March 14, 2018

Paddling Through Indra's Net

Paddling Through Indra's Net

The story of Indra’s Net is a metaphor for the interdependent arising and interpenetration of all phenomena.

One of my favorite things to do in this world is to paddle a kayak down a river from as far up it as I can safely start and then just follow the water all the way to where the river ends. Traveling downstream, from the source to the sea (usually), it’s easier to see a river less as just water headed downhill and more as a process of interconnected phenomena all continuously changing each other, from the flow of the water itself as it passes through different landscapes on its journey, to the flora and fauna all intimately interconnected through the river.

Besides paddling through river mysteries, I also enjoy dabbling through mysteries in the words and writings of the Buddha and Buddhism, and long river trips always remind me of the story of Indra’s Net, which I encountered during a one such dabbling. Indra, a Hindu/Buddhist deity, has this net that hangs over his mountain palace. At the center of each vertex of his net a multifaceted jewel hangs, reflected in each of the other jewels and simultaneously reflecting all of the other jewels, on to infinity. The story of Indra’s Net is a metaphor for the interdependent arising and interpenetration of all phenomena.

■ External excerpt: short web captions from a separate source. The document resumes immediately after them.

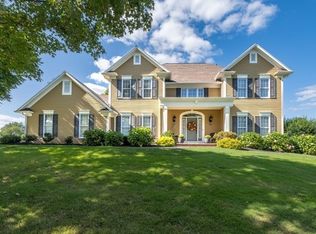 76 Cobble Creek Rd, Victor, NY 14564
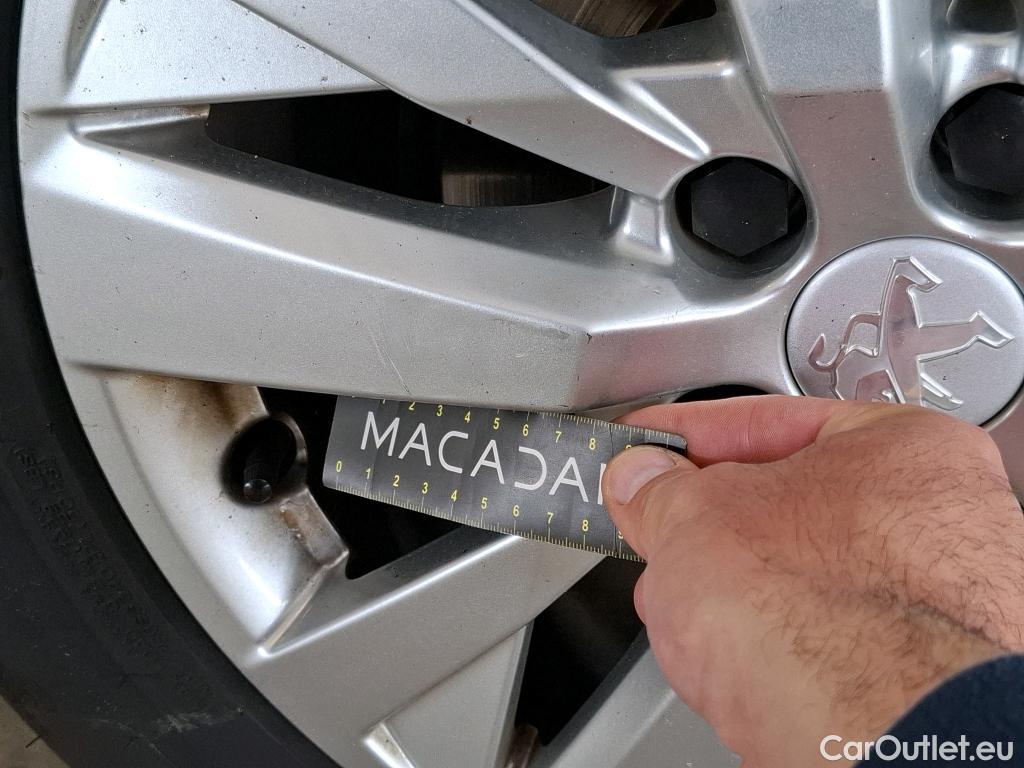  Peugeot  3008  II Active Pack 1.5 HDi 130CV BVA8 E6d #4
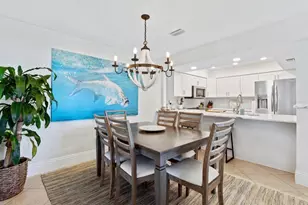 1637 SE Paradise Cir W, Crystal River, FL 34429 - Photo 13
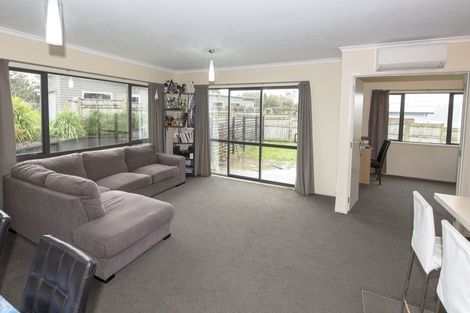 Photo of property in 8 Dunbar Place, Highlands Park, New Plymouth, 4312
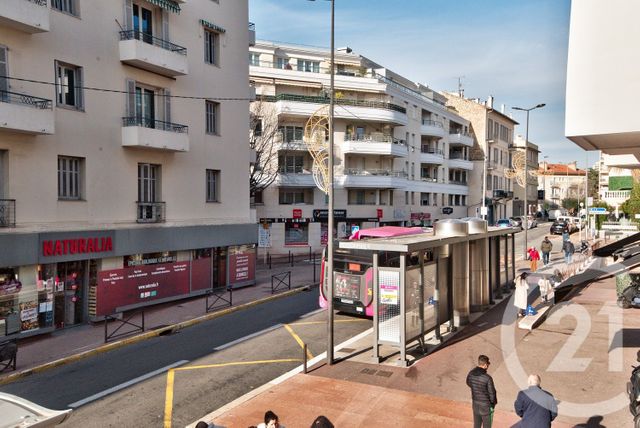 Appartement T3 à vendre - 3 pièces - 72.33 m2 - ANTIBES - 06 - PROVENCE-ALPES-COTE-D-AZUR - Century 21 Lafage Transactions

Imagine a multidimensional spider’s web in the early morning covered with dew drops. And every dew drop contains the reflection of all the other dew drops. And, in each reflected dew drop, the reflections of all the other dew drops in that reflection. And so ad infinitum.

– Alan Watts

Paddling many rivers this way could easily take a week or more, and like most folks I don’t always have the time to take full river trips. But I am lucky to live so close to a shorter (and perhaps sweeter) river ecosystem that can be explored “top to bottom” with just one overnight camp involved. The Wacissa River, only 20 miles east of Tallahassee, FL, is a beautiful gem of Florida’s karst landscape, with 12 or more small, springs feeding a cool, crystal-clear river ecosystem fully stocked with an impressive diversity of amazing plants and animals. Centuries old cypress trees, kestrels, anhingas, herons, thick silver schools of mullet, bass, black bears, owls, raccoons and alligators are abundant and rarely camera shy.

Starting from a series of beautiful springs that dot the upper waters, the river flows wide for the first few miles, before narrowing and braiding out, providing paddlers with an abundance of forks and paths to explore. Approximately four hours of easy paddling a campground and concrete boat landing appear on the left. Known as Goose Pasture, the area is a free campground managed by Suwannee River Water Management District. Picnic tables, port o lets and covered pavilions are some of the man-made amenities. Gorgeous views of the night sky, the sounds of the river and its inhabitants and the smell of a campfire are some of the natural ones.

From Goose Pasture, the river shallows and returns to a thick network of braids and choices as it follows the terrain roughly southeast towards a meet-up with the Aucilla River, the Wacissa’s closest neighbor. The sheer variety of routes in this part of the Wacissa can seem daunting, but all the routes eventually return to one, and the river joins the Aucilla at Half-Mile Rise. But from the natural confluence of the waters the river’s karma is to head underground via sinkholes, preventing paddlers from following and reaching the river’s end. But the Wacissa has a surprise bonus level still in store.

Hidden amongst all the choices and paths is a way out of the maze. Known by locals as the “Slave Canal”, this two mile secret paddling path was originally a swampy side slough widened and deepened in the 19th Century by slaves via manual labor. Built for the purpose of transporting plantation timber, cotton and other goods downriver to the coast for shipping, railroads made the canal obsolete almost as soon as it was finished. It’s only value now is as a link to the bottom of the river system and the coast for paddlers, and it is paddlers and explorers using it that has kept time and nature from overgrowing it and erasing it. Even kayakers and canoeists passing through are not passive observants of the Wacissa and Aucilla river system. They are part of the net too, interconnected with it all.

The Slave Canal empties the Wacissa into the Aucilla below Nutall Rise, and the ecosystem changes yet again, as tides and salt water from the ocean just six miles south play their part in mix of waters. Freshwater fish intermingle with their saltwater cousins, and anything from bass to bull sharks are hooked by fishermen in the area. Manatees also can sometimes be found in the lower Aucilla. And then the river finally comes to its end, as all things must, as it lazily passes into the salt marsh and shallow flats on the eastern edge of the St. Mark’s National Wildlife Refuge.

The Wacissa and Aucilla waters have so much to explore, even paddlers taking the full ride aren’t able to see it all in one trip. But the waters get into your blood and you know you’ll be back for another paddle soon to see it all again for first time.